The U.S. Securities and Exchange Commission (SEC) intensifies its oversight of the cryptocurrency industry by issuing a Wells Notice to Uniswap Labs, the entity behind the world's largest decentralized exchange (DEX), on April 10. Amid regulatory escalations, Uniswap Labs vows to defend its operations, asserting the legality of its platform and the non-security status of traded assets, including its native UNI token.
Uniswap Labs Braces for SEC Battle, Affirms Protocol, and Operations Remain Unchanged
In a recent report by CryptoPotato, Uniswap Labs confirmed the news in a press release on April 10, reassuring followers that the team is "ready to fight."
"This is the latest political effort to target even the best actors in crypto like Uniswap and Coinbase," the team stated, referring to the SEC's June 2023 lawsuit against the nation's largest centralized crypto exchange.
"All Uniswap products and the Uniswap Protocol are unaffected," they added.

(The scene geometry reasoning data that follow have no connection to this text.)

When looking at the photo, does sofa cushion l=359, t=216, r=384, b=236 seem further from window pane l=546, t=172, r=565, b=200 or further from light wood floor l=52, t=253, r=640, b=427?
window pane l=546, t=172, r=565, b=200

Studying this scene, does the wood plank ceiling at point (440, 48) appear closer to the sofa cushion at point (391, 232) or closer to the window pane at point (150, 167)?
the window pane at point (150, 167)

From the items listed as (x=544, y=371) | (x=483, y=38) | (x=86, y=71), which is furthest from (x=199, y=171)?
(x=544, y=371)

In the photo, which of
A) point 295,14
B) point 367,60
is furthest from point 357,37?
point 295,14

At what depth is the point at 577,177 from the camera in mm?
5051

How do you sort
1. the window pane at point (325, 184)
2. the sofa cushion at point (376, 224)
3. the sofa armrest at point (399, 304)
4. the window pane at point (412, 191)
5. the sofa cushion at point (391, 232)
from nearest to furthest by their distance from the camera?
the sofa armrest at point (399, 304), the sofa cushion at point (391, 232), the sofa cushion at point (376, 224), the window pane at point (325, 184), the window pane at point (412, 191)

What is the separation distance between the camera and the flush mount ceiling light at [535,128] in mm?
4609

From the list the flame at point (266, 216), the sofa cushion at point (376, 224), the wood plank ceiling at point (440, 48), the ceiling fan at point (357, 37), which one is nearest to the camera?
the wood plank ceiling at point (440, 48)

Uniswap Labs is a New York City-based software company that primarily contributes and develops the Uniswap protocol for Ethereum.
Unlike traditional competitors, the protocol allows users to access trading and liquidity crypto tokens without permission, trust, globalization, or centralization.
Uniswap Labs did not specify what the SEC intended to sue over, but the agency's history provides clear indications. Last year, it sued some exchanges, including Binance, Coinbase, and Kraken, for illegally listing alleged securities.
It has also sued several project teams, including Ripple, Terraform Labs, and others, for issuing unregistered securities in cryptocurrency tokens.
Uniswap Labs could be considered guilty of both activities. Not only does its protocol support the trading of thousands of tokens, but it also has its native token, UNI, which provides holders with a share of protocol revenue and voting power on development proposals.
Uniswap Defends Legal Standing, Argues UNI Token and Operations Not Securities
Uniswap argued that the assets "overwhelmingly traded" on its protocol are not securities, citing the court decision in SEC v. Ripple. That includes the UNI token, which it claims does not pass the Howey Test because it does not require investment in a single joint enterprise.
"Even if the Ripple decision and the Supreme Court's Howey test did not foreclose the SEC's arguments, the Uniswap Protocol, web app, and wallet would still not meet the legal definitions of securities exchange or broker," the firm added.
As a decentralized exchange, the firm claimed that current law does not give the SEC authority over self-custodial, on-chain trading decisions.
"The Uniswap technology ecosystem is sufficiently decentralized, much like Bitcoin and Ethereum," Uniswap Labs concluded. "We are confident that our products are on the right side of the law."